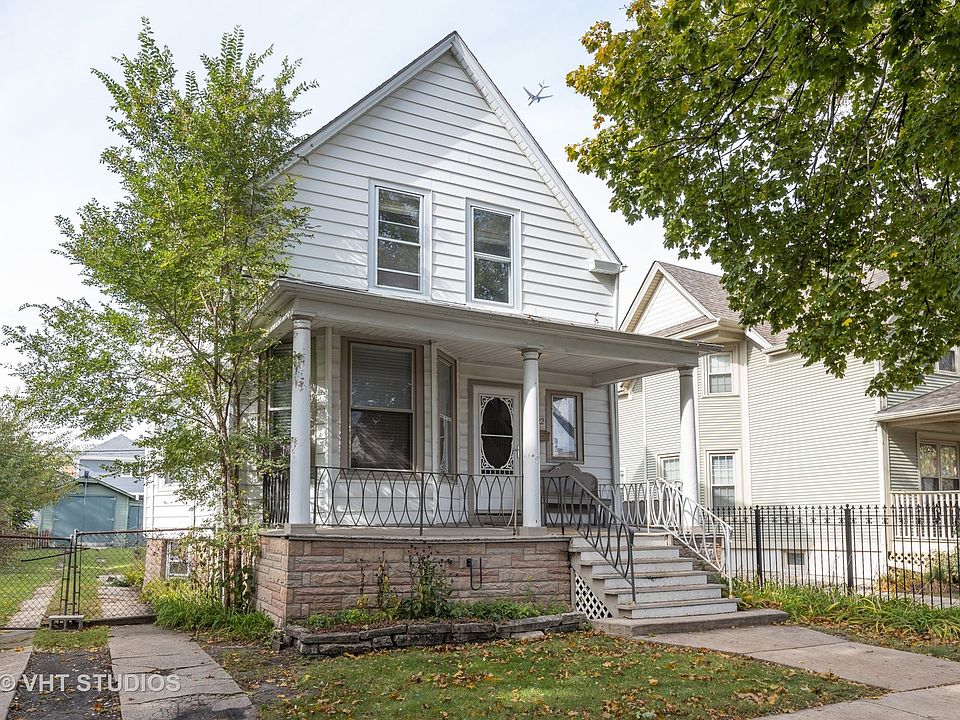 1st image of 4322 N Lowell Ave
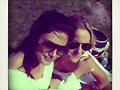 Phoebe Tonkin con una amiga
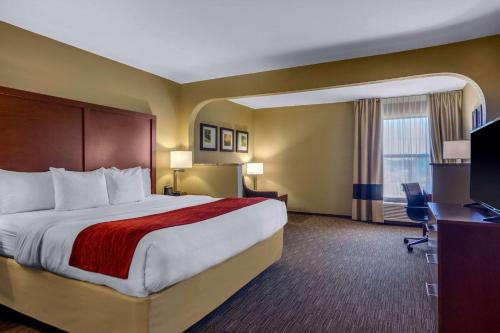 Comfort Inn & Suites LaGrange East in 拉格蘭奇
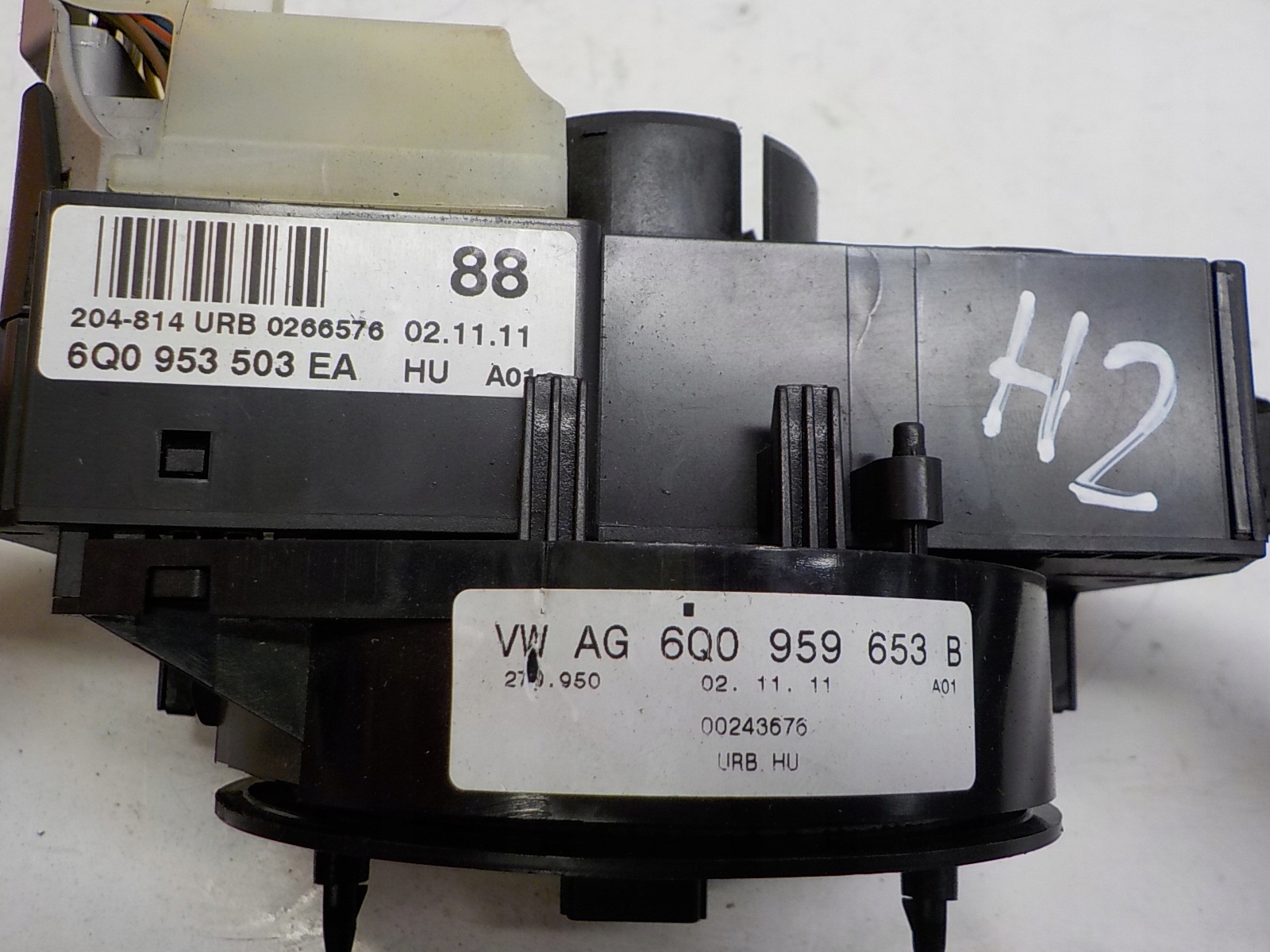 VOLKSWAGEN POLO V commande levier commodo sous volant 6Q0953503EA 6Q0959653B BRU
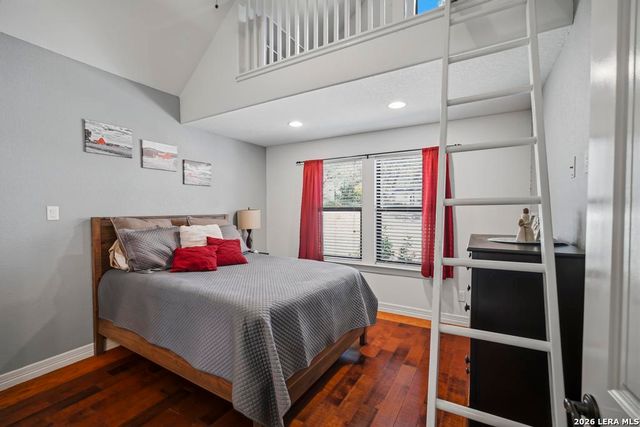 15 Post Oak Rd, La Vernia, TX 78121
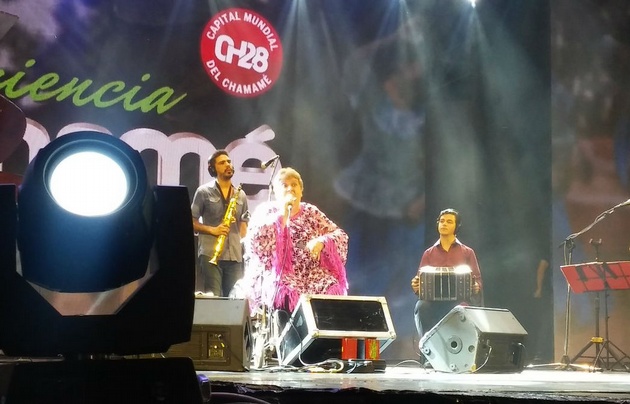 Ofelia Leiva se llevó todos los aplausos junto al eximio pianista.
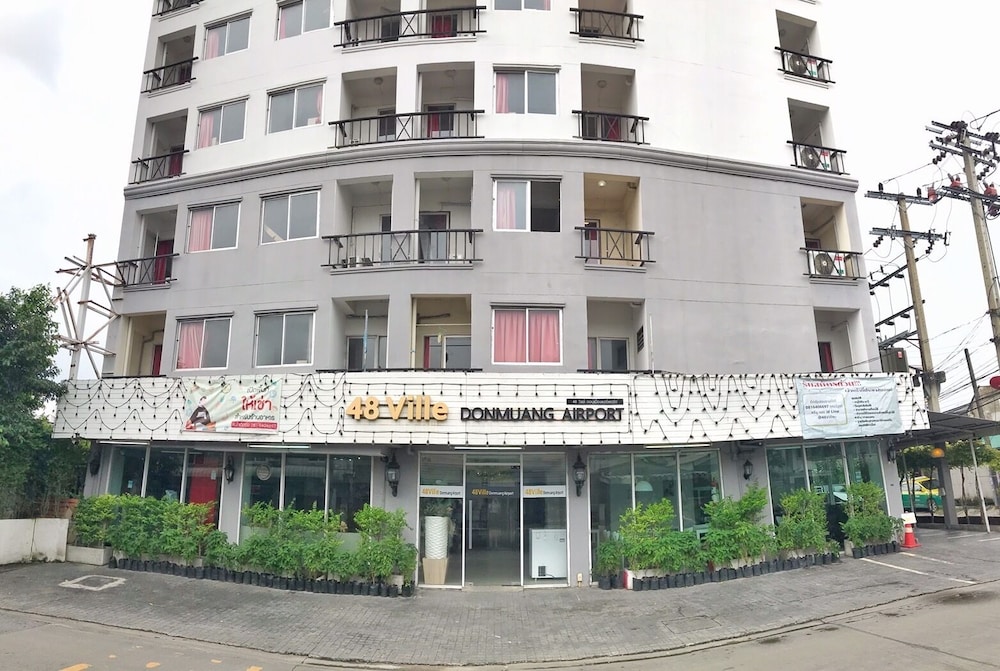 48 Ville Donmuang Airport 2/83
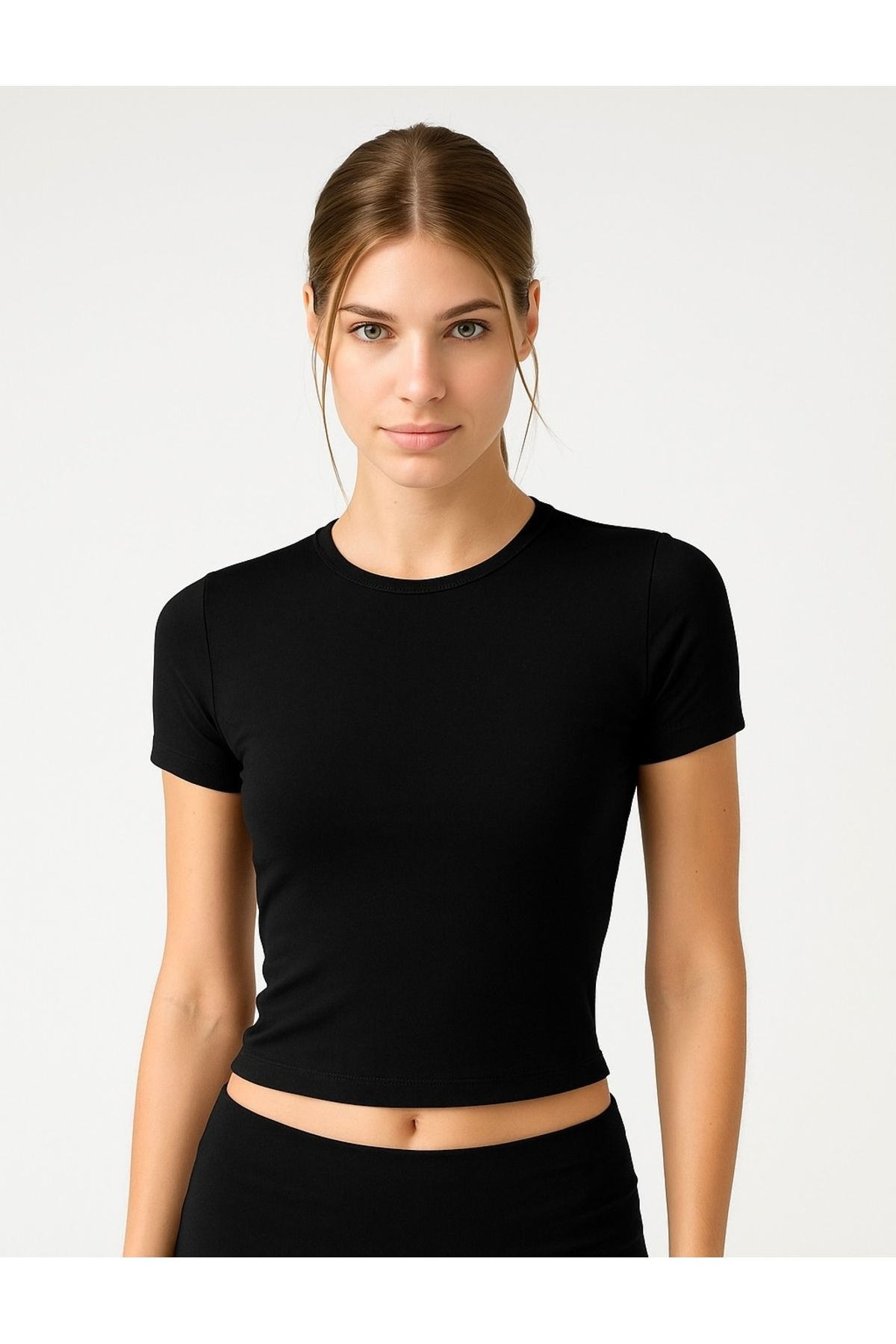 NATUFIAN STORE Kadın Siyah Bedene Oturan Tişört Short Fitted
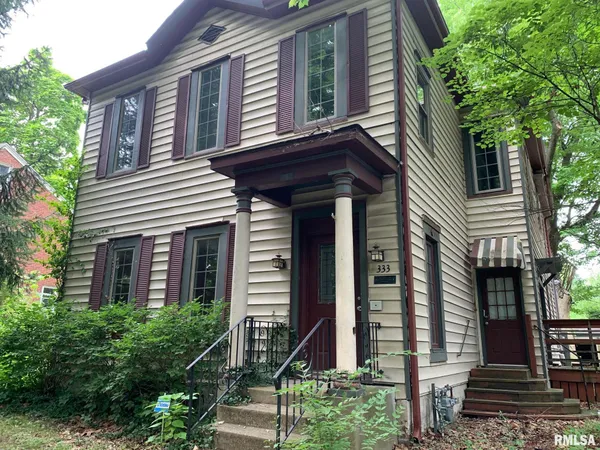 $625 | 333 South Douglas Avenue, Unit 2, Springfield, IL 62704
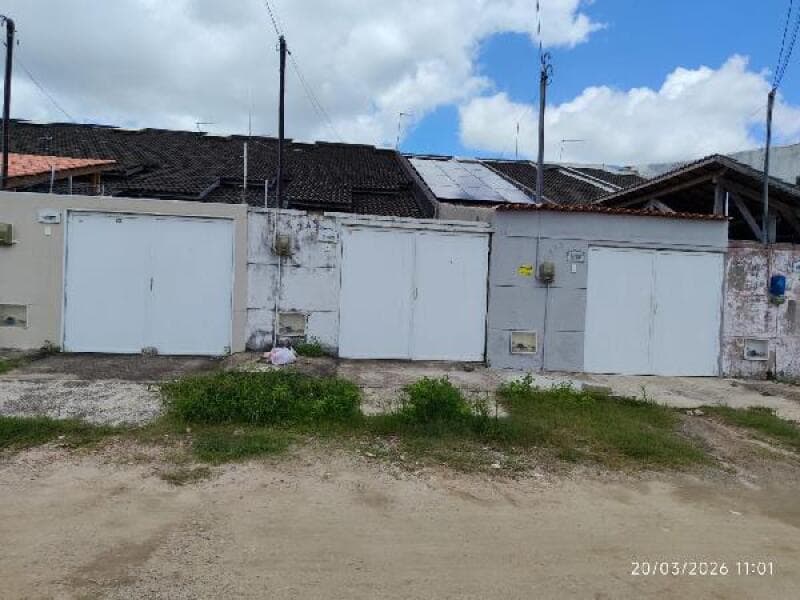 Casa em leilão em Pacatuba - CE, bairro Pavuna — LOTE 043 Casa - AREA PRIVATIVA (M²): 71,04 BAIRRO: PAVUNA CIDADE: PACATUBA-CE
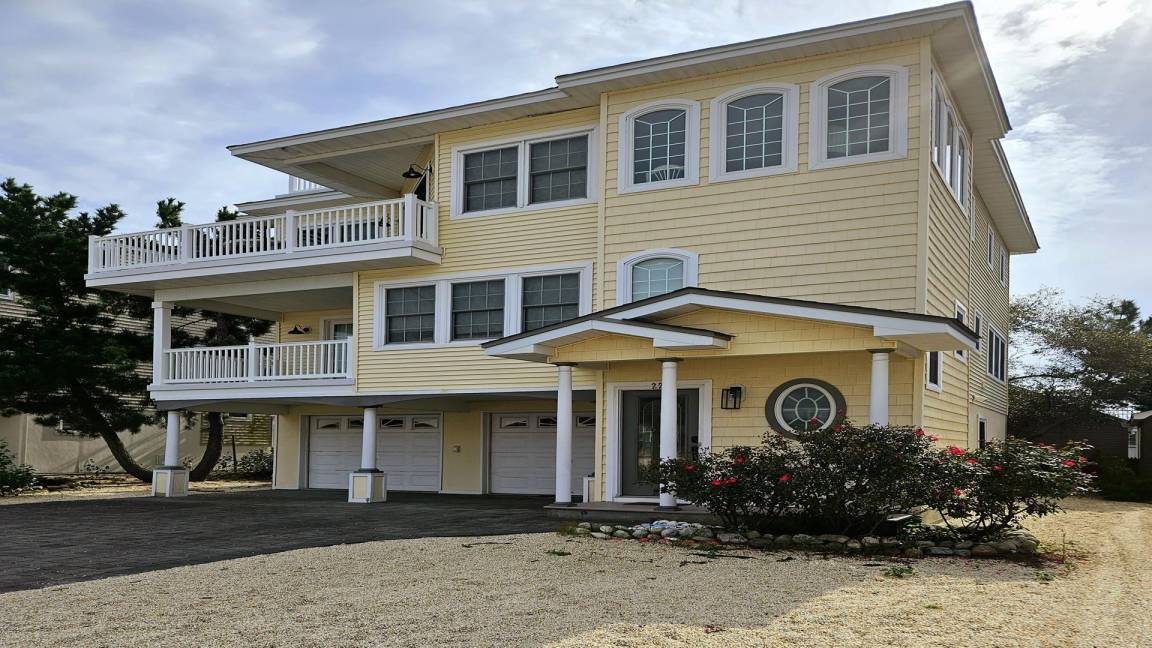 House ∙ 4 Bedrooms ∙ 12 Guests - Surf City, NJ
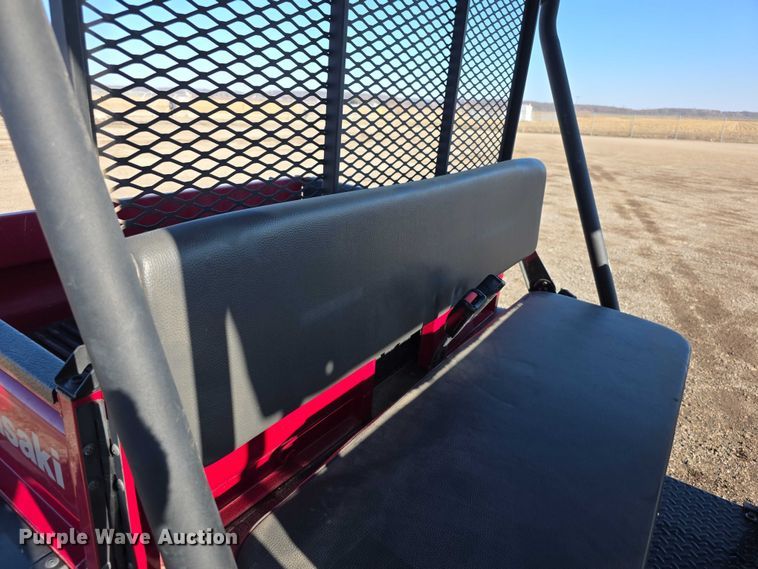 image for item DZ3718 2007 Kawasaki Mule 3010 utility vehicle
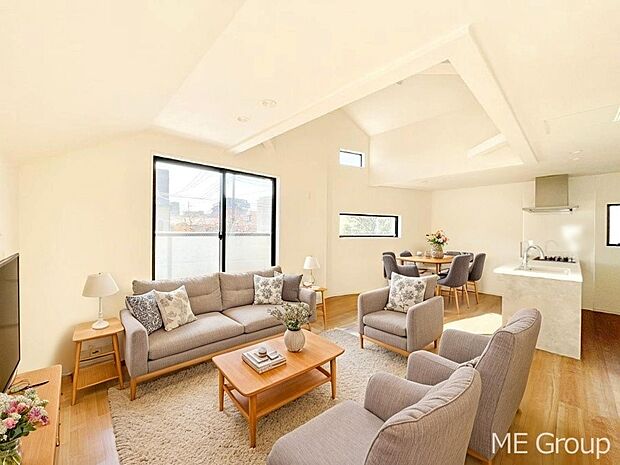 ご家族の賑やかな話し声で包まれる明るいリビング ※家具はCGです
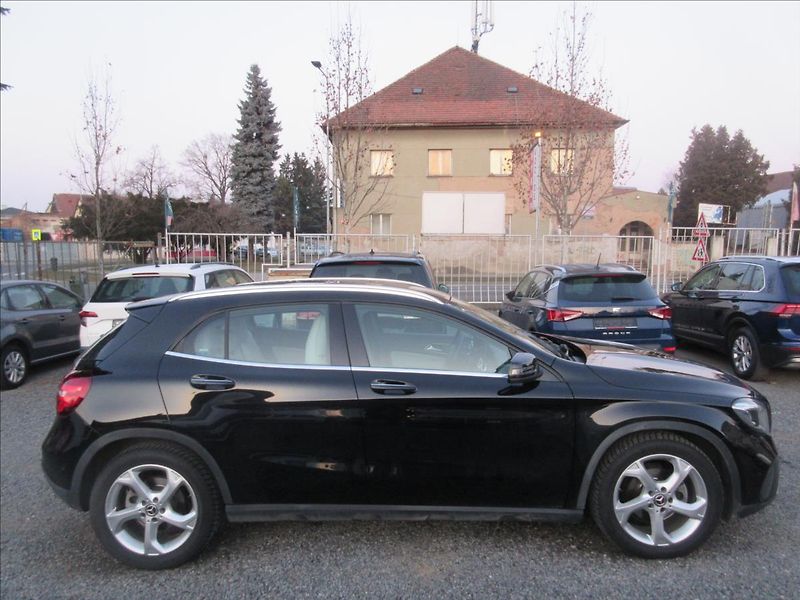 Mercedes-Benz GLA 2,0 - fotka 4 z 19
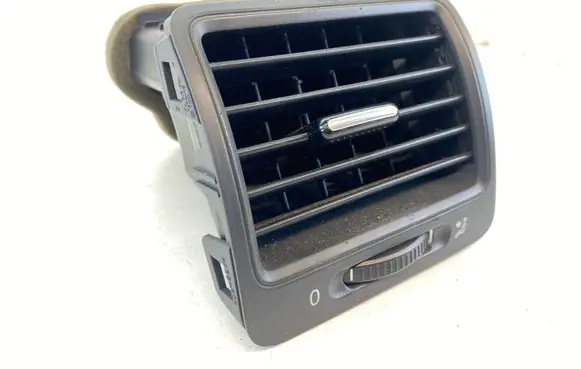 Volkswagen Golf V Dashboard side air vent grill/cover trim 1K0819709 1K0819703B 1355D300490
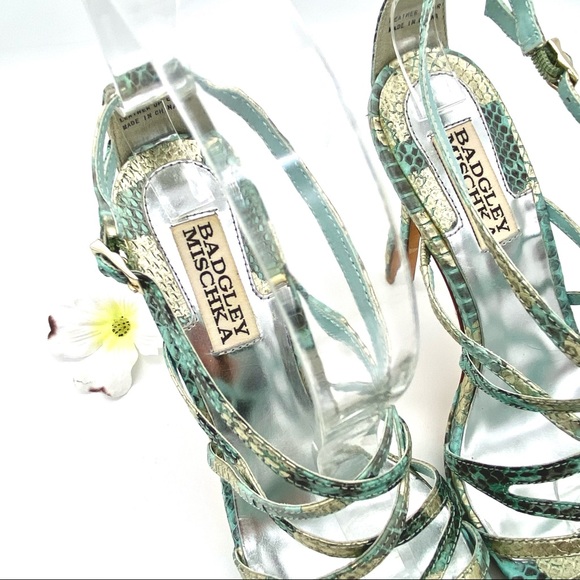 L EUC Badgley Mischka Snakeskin Heels, 6 - Picture 9 of 14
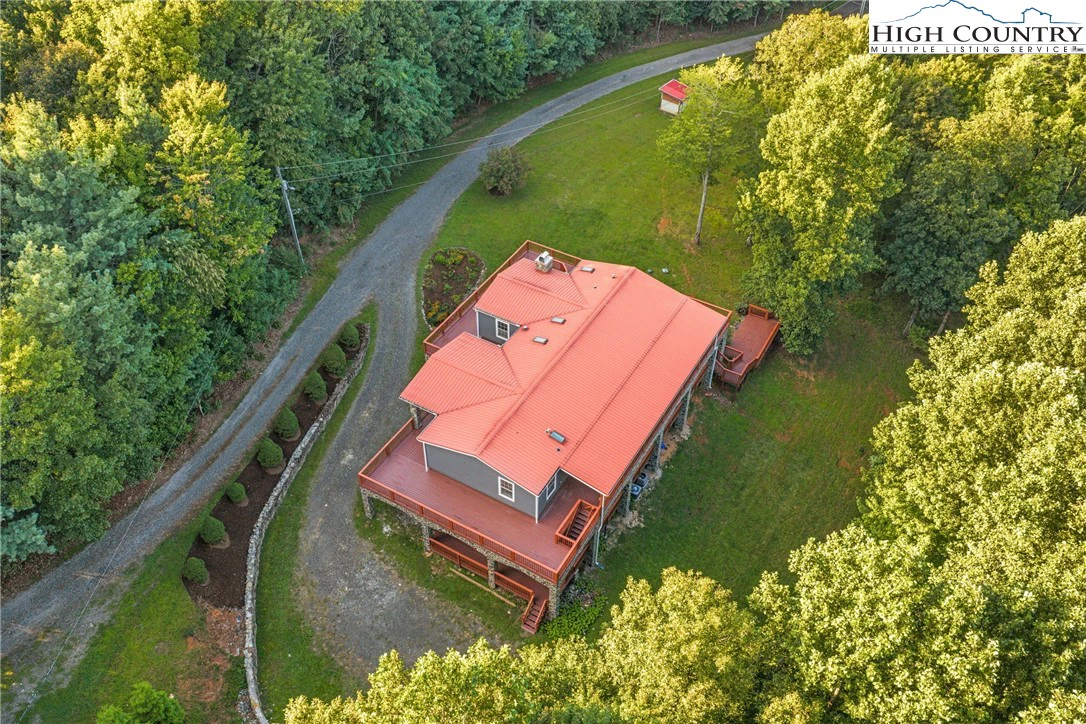 Image number 16 for the current listing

TASK STATEMENT: Repeat, line for line and exactly, the material from its first line through the line that contains "NATUFIAN STORE Kadın", both ends included; no pictures belong in the copy.

SOLUTION TO THE EXERCISE:
 1st image of 4322 N Lowell Ave
 Phoebe Tonkin con una amiga
 Comfort Inn & Suites LaGrange East in 拉格蘭奇
 VOLKSWAGEN POLO V commande levier commodo sous volant 6Q0953503EA 6Q0959653B BRU
 15 Post Oak Rd, La Vernia, TX 78121
 Ofelia Leiva se llevó todos los aplausos junto al eximio pianista.
 48 Ville Donmuang Airport 2/83
 NATUFIAN STORE Kadın Siyah Bedene Oturan Tişört Short Fitted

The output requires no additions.